- Material for this task
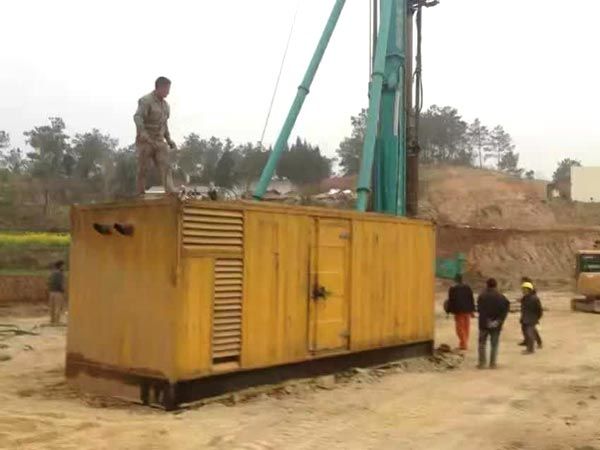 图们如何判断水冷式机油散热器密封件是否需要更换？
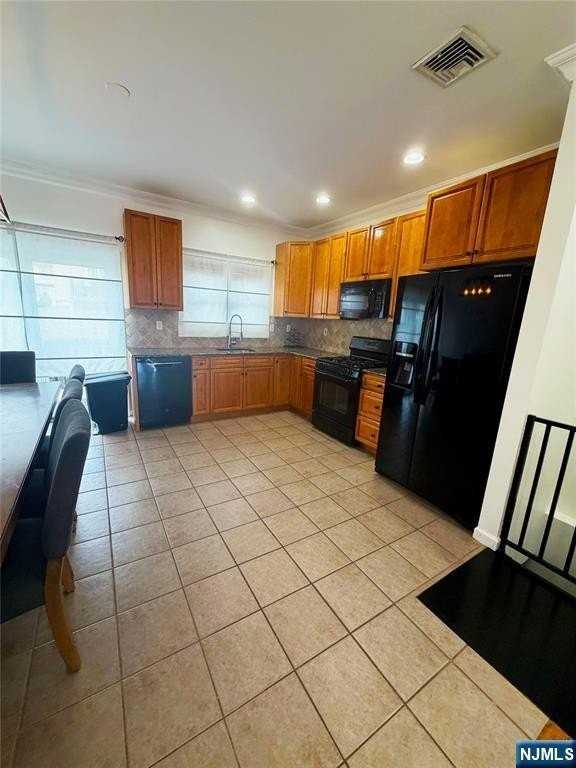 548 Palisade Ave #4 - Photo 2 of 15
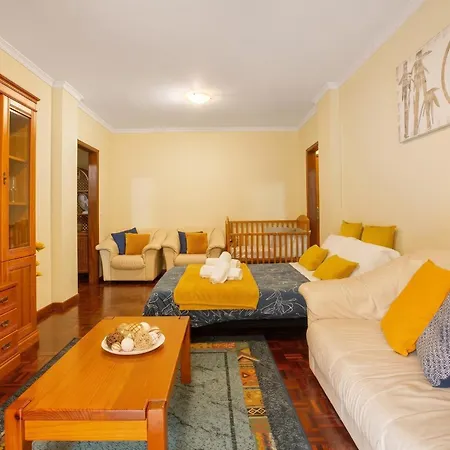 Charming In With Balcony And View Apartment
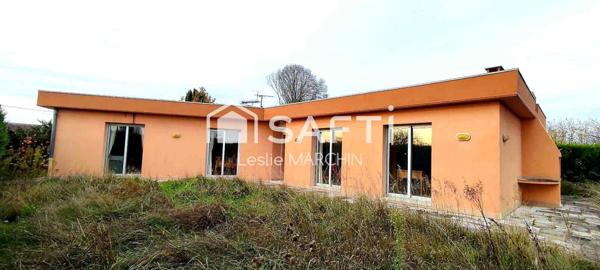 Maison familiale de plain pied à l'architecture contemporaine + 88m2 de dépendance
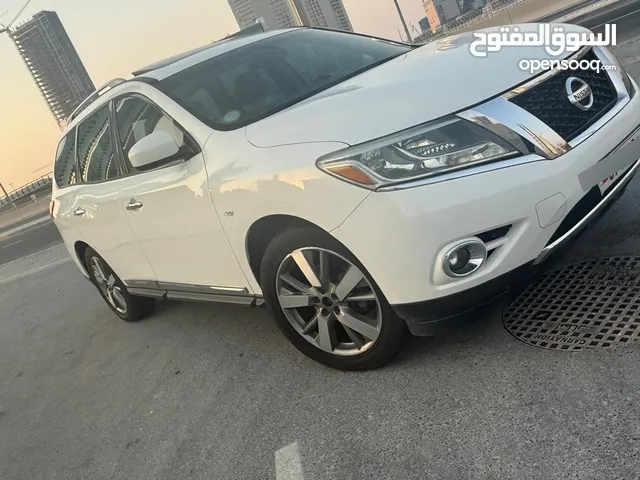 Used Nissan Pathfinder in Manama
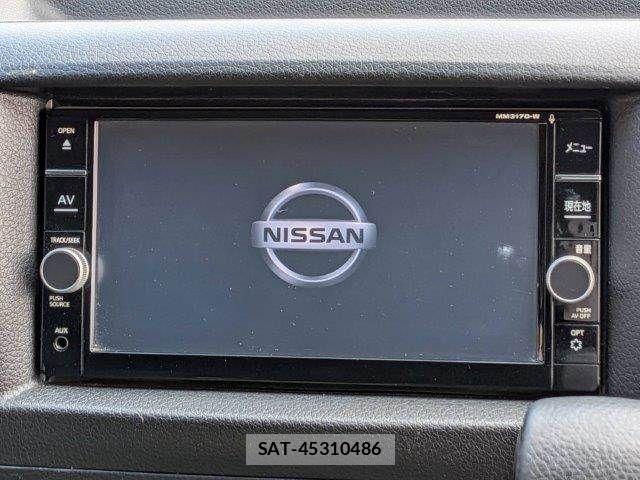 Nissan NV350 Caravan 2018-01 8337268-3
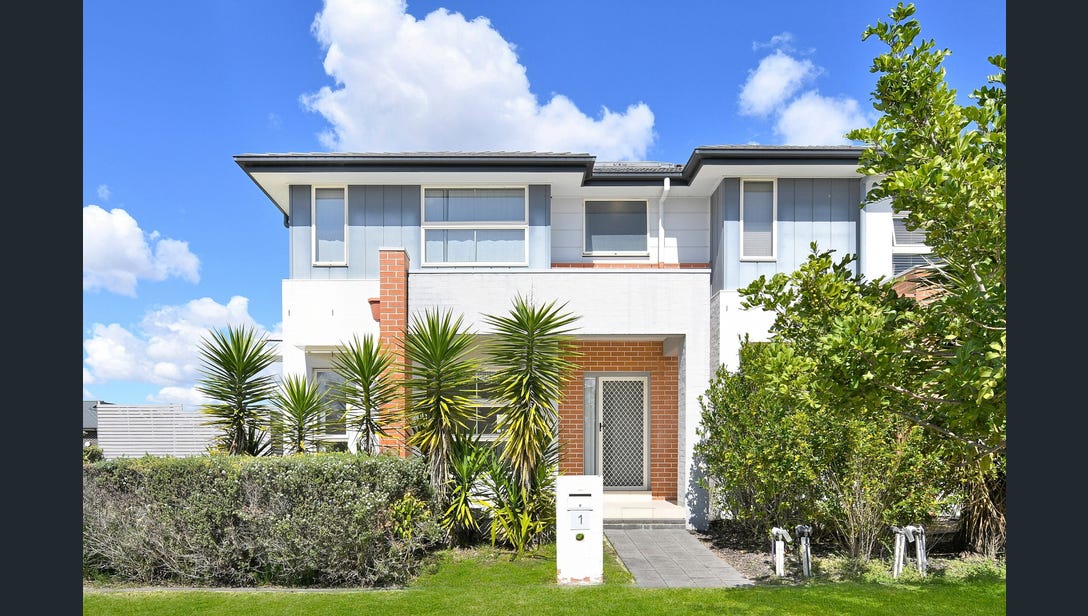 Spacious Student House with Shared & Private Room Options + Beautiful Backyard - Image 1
...
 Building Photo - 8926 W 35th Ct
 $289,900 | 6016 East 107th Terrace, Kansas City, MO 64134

- Exercise aim
Go through the listing above and write out exactly the lines starting with the one holding "Building Photo - 8926 W 35th Ct" and running through the one holding "City, MO 64134", ends included, and no others.

- Response area
 Building Photo - 8926 W 35th Ct
 $289,900 | 6016 East 107th Terrace, Kansas City, MO 64134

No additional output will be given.